Be supportive and give grace. I’m telling you, there is nothing worse than not having parent support. Before making a quick judgement or giving anyone the benefit of the doubt, talk to them. Emails also can get lost in translation. We make assumptions on tones but sometimes we are way off. If you have a question, pick up the phone and ask. Being a teacher and knowing how kids are exceptional story tellers, I always told my children that I was going to believe the teacher until I got to the bottom of it. My boys like to tell me that their teacher didn’t grade their paper correctly. Um, I’m not sure that’s how you ended up with a 50 on your test, son. Our kids are lacking accountability and it’s easier to place blame.
I always told parents that I would only believe half of what their child told me about them if they would extend the same curtesy. Ha. Seriously though, parents would die if they knew all the things their kids say at school. Die. Sometimes they make up stories because a friend told a story and they want to fit in. Sometimes they are just running their mouth, ha. If I had a nickel for every time a kid told me, “My mom said my dad is lazy because he sleeps in his chair and drinks beer” or “My mom got fired from her job because she keeps falling asleep at work” and my favorite, “My parents said you work for them and have to do what they says!” Ha.
Don’t wait. If a teacher told you they would get back with you tomorrow and it’s three days later, they probably forgot. It’s not out of spite. They are juggling a million balls and unfortunately sometimes the drop one. Call or email to follow up.

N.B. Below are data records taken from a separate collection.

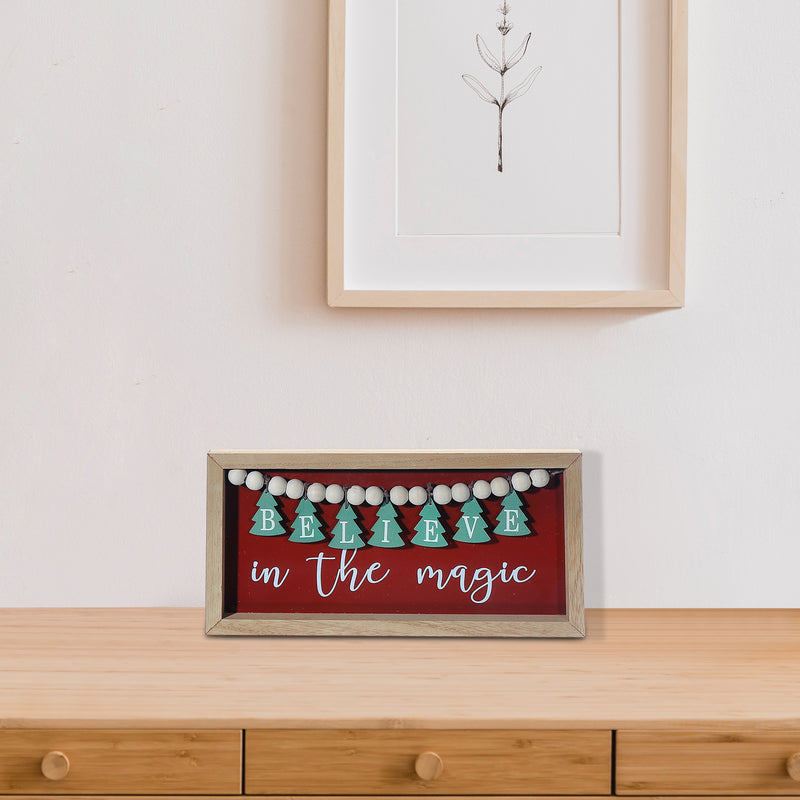 Framed Believe In The Magic Bead Sign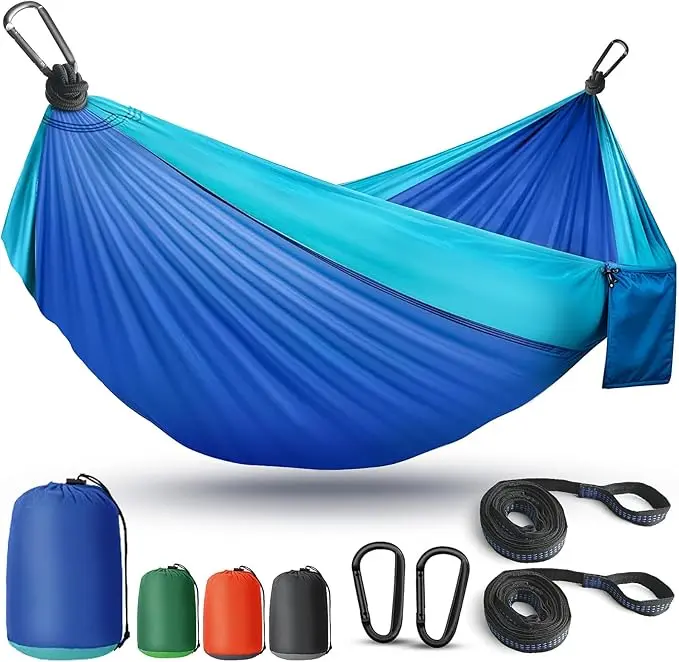 Camping Hammock Lightweight, Portable Hammocks Parachute Hammock with Two Tree Straps, Single or Double Travel Swing Nylon Camp Hammocks,  Blue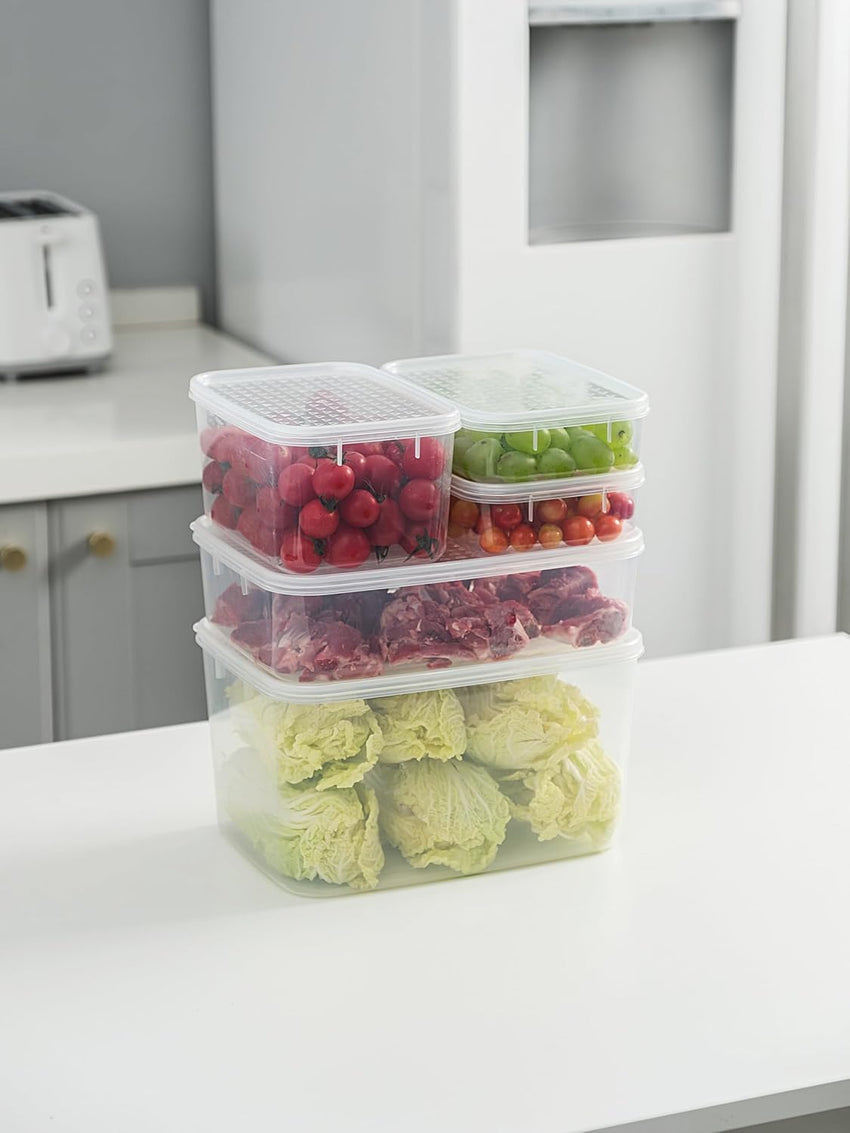 Food Storage Container Set 1.1L x6 BPA-Free Microwave & Freezer Safe â Clear 1.1L x6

I think when it comes to communication, it’s my job as the parent to make sure things are going smoothly. Something I have learned over the years is that I am the teacher that matters the most. I am their first and last teacher in life. I am their advocate and punisher. I am their accountability and have the last word. I need to make sure that not only is their teacher doing everything they can to support my child, but that I am doing everything I can to support them. Even if we have had a difficult teacher, I remind myself that it’s only for a year. We can survive anything for a year.
When I tell teachers that it’s my job to make their job easier, I whole heartedly mean it. I think all parents should spend one day substituting in a classroom so they have empathy and more realistic expectations. You have less excuses for your child when you realize your child is the match that lights the fire of ciaos is a teacher’s classroom.
Lastly, every year I remind my children that I will be the mother they need and that looks different for each of them every year. If you need me to be a helicopter mom, then that is what I will be. If I need to sit back and let you do your thing, then that is what I will do. If I need to email a teacher to check in weekly for their sanity and mine, then that is what I will do. And, on those days when I know my child is pushing that teacher to the edge, I email them a Starbucks gift card (because it’s illegal to send a bottle of wine, ha) and say thanks for loving my kid unconditionally. We NEED good teachers. Good teachers NEED supportive parents. It’s a lovely partnership when we each do our part.
Remember you are on the same team. Love your village and know that they are doing their very best to love your child. Teachers understand the responsibility they have. They are helping to raise the future. It’s their future too.